The framework of Paris Agreement relies on voluntary pledges of the nation states, trusting to the idea that international peer-pressure and the naming and shaming exercised by the transnational civil society should be enough to secure the successful implementation of the emission reductions (Falkner 2016, 114, 1123). Climate justice together with equity has played an important part in the discourse of the UNFCCC process (Klinsky 2016, 170; see also Pettenger 2016, 237−239). However, in the post-Paris climate politics where countries’

emission reductions are based on voluntary pledges, these normative elements of justice have been undermined by wealthy-polluting countries (Klinsky et al. 2016; see also Bäckström &

Lövbrand 2016, 239).
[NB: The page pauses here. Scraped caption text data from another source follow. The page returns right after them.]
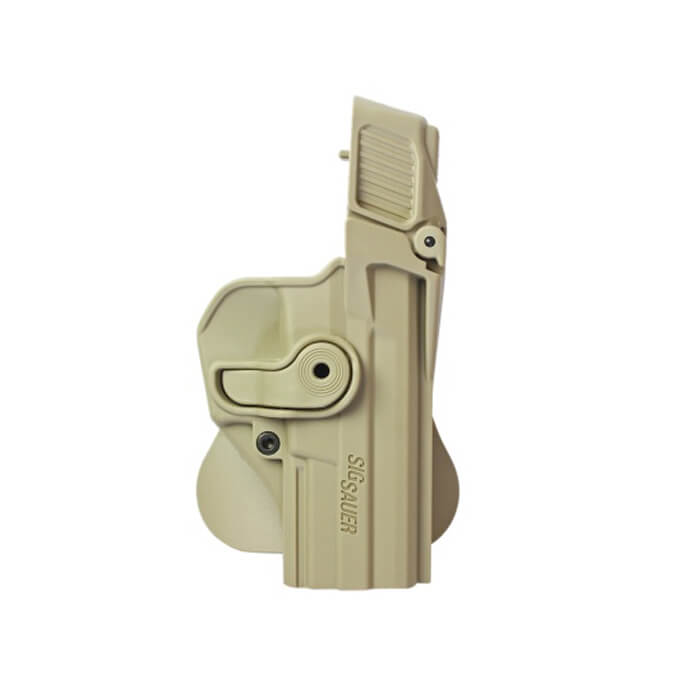 נרתיק Level 3 לזיג זאוור P2022, SP2009, P226, P227 עם מנגנון אבטחה כפול, ליד ימין – IMI-Z1390 חאקי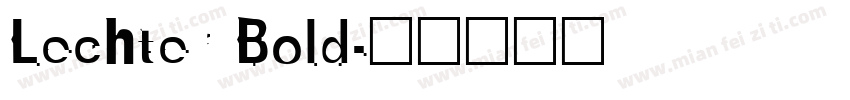 Lechter Bold字体转换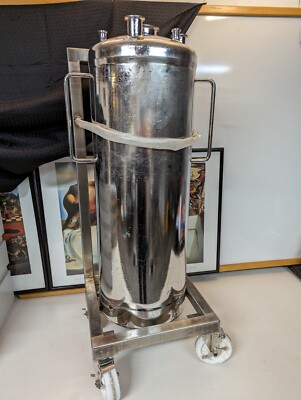 Pope Scientific SS 50 Liter Vessel w/ SS Cart 130 PSI@300F, T316L, 1998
Moreover, the Paris Agreement strongly relies on markets-based solutions which has also been problematised among scholars and the civil society (Dalby 2016, 51; Lipschutz & Stabinsky 2004, 144; Friends of the Earth International 2019). Under these terms, the wealthy and strongly emitting countries of the UNFCCC try to escape their fair share of the emission reductions and of the climate finance for adaptation, loss and damage, and just energy transition in countries that need support (see Civil Society Equity Review 2018, 8).

Consequently, we now live in a situation of complex and widely occurring climate injustices.

Therefore, local actions and mobilisation for more ambitious and just climate politics are ever so important (see Lipschutz & Stabinsky 2004, 147; cf. Chandler et al. 2018, 193).